A grounds crew member directs an United Airlines airplane to a gate at Terminal A at Newark Liberty International Airport (EWR) in Newark, New Jersey, US, on Thursday, Jan. 12, 2023.
Aristide Economopoulos | Bloomberg | Getty Images
The company also said it will accrue expenses tied to a possible new contract with its pilots in the first quarter, earlier than it previously forecast, although negotiations are ongoing.
The carrier expects an adjusted quarterly loss of between 60 cents and $1 per share, down from its previous projections of adjusted earnings of between 50 cents and $1 per share for the first three months of the year.
“While all months of 2023 are expected to produce unit revenue significantly above the corresponding months in 2019, the Company is observing new seasonal demand patterns, with lower-demand months such as January and February 2023 growing less than higher-demand months,” United said in a securities filing after the market closed on Monday.
The carrier said as a result it trimmed its estimate for unit revenues to between 22% and 23% over a year earlier, down from previous guidance of a 25% increase.
As travelers return to more traditional booking patterns, such as traveling close to holidays and other popular vacation periods, second-quarter revenue will likely be higher than United previously expected with operating revenue up in the “mid-teens” over last year, the company said.
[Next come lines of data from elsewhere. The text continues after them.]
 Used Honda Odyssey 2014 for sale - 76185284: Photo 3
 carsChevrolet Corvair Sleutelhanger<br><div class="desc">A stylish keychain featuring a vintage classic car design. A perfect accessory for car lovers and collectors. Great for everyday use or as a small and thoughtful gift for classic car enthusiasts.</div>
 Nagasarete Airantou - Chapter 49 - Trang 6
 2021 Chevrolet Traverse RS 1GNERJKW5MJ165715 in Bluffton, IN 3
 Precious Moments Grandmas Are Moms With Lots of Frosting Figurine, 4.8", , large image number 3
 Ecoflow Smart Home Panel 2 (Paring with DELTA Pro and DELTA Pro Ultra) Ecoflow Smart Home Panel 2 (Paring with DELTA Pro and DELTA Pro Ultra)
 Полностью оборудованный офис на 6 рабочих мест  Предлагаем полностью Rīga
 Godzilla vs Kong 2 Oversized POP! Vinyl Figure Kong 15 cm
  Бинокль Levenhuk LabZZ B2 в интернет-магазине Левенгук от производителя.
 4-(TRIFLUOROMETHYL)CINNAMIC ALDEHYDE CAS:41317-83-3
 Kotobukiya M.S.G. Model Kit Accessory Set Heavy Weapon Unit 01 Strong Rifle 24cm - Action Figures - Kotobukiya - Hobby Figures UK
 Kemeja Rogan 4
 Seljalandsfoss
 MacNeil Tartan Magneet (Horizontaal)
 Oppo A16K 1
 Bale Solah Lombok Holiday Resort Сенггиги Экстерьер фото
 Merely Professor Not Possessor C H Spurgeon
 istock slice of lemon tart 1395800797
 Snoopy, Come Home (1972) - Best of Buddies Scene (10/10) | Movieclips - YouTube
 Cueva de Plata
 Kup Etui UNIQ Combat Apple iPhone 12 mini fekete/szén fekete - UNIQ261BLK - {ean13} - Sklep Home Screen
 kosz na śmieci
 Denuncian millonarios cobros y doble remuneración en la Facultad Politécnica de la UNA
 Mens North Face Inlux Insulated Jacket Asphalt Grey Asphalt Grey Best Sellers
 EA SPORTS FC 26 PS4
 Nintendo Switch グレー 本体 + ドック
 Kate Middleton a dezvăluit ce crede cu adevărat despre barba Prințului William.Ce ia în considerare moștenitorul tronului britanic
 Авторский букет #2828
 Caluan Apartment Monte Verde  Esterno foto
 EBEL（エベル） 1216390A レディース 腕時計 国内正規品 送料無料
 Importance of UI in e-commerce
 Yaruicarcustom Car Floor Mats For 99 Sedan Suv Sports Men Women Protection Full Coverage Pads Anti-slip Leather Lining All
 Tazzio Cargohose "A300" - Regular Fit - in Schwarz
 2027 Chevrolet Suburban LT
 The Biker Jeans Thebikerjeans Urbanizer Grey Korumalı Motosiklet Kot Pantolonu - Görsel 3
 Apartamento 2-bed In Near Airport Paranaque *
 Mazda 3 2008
The airline said it still expects to earn between $10 and $12 a share this year, on an adjusted basis.
Delta forecast a net loss of $100 million to $200 million for the first quarter. Adjusting for costs tied to a new pilot contract, Delta expects quarterly income of $100 million to $200 million, or 15 cents to 40 cents a share.
CEO Ed Bastian told CNBC’s “Squawk Box” on Tuesday that travel demand has been resilient.